Publicado 31/03/2026 04:23

A Indonésia solicita uma reunião do Conselho de Segurança da ONU após a morte de três de seus "capacetes azuis"

Archivo - Arquivo - Um "capacete azul" da Força Interina das Nações Unidas para o Líbano (FINUL) em um posto de observação no Líbano.
Marwan Naamani/dpa - Arquivo

MADRID 31 mar. (EUROPA PRESS) -

As autoridades da Indonésia solicitaram nesta terça-feira a convocação de uma reunião de emergência do Conselho de Segurança das Nações Unidas após a morte de três de seus “capacetes azuis” em ataques contra a Força Provisória das Nações Unidas no Líbano (FINUL) no sul do Líbano.

O Ministério das Relações Exteriores do país asiático instou, em comunicado, as partes em conflito no Oriente Médio a “respeitar o Direito Internacional” e enfatizou que “a segurança das missões de manutenção da paz deve ser uma prioridade”, segundo um comunicado.

“O Governo da Indonésia condena veementemente o segundo incidente consecutivo ocorrido no sul do Líbano em 30 de março de 2026, no qual foram afetados 'capacetes azuis' indonésios que prestavam serviço na FINUL, e que provocou a perda de mais duas vidas e deixou outras duas pessoas feridas", afirmou em relação a um incidente que ocorreu pouco depois de outro desses militares ter falecido em consequência de outro ataque na região.

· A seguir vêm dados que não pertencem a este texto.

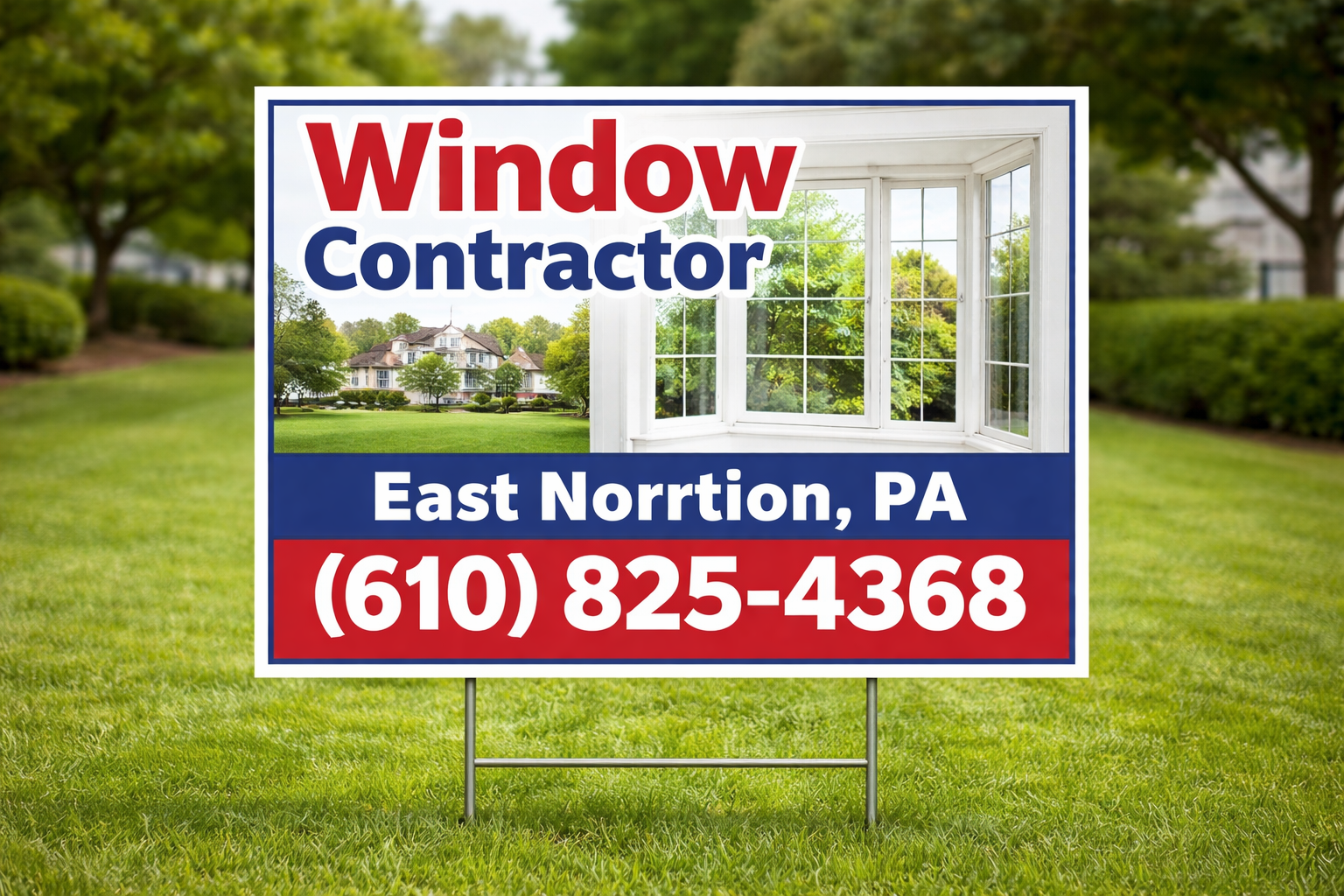 Your Trusted Window Contractor in East Norriton—We Come Right to Your Door
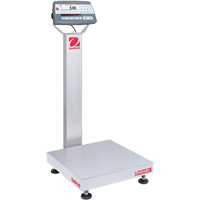 Balance de table multifonctionnelle 5000 Defender, Capacit&eacute; de 100 lb, 18'' lo x 18'' la Distribution Industrielle GC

Nesse sentido, lamentou que “a repetição de ataques tão atrozes contra as forças de paz indonésias em tão pouco tempo seja totalmente inaceitável” e afirmou que “isso não pode ser considerado um fato isolado, mas reflete uma rápida deterioração da segurança no sul do Líbano, onde as operações militares israelenses em andamento colocaram em grave risco as forças de paz das Nações Unidas”.

“A Indonésia continua a condenar veementemente os ataques israelenses no sul do Líbano, que aumentaram significativamente os riscos enfrentados pelas forças de paz da ONU e prejudicaram a aplicação do mandato da FINUL nos termos da Resolução 1701 (2006) do Conselho de Segurança”, declarou.

Por isso, ele ressaltou a necessidade de abrir “uma investigação exaustiva e transparente de forma imediata para esclarecer os fatos, incluindo as circunstâncias e os responsáveis”. “Deve-se exigir a prestação de contas”, acrescentou.

As duas vítimas fatais de segunda-feira somam-se ao militar indonésio identificado como Fahrizal Rambe, que morreu no domingo devido à explosão de um projétil que também feriu gravemente outro membro das forças de paz em Taibe, no distrito de Marjayún, no sul do país. O ferido, Rico Pramudia, foi transferido para um hospital em Beirute, conforme informado nesta segunda-feira pela FINUL.

Tudo indica que a reunião de emergência do Conselho de Segurança da ONU poderá começar por volta das 14h (hora local de Nova York, Estados Unidos).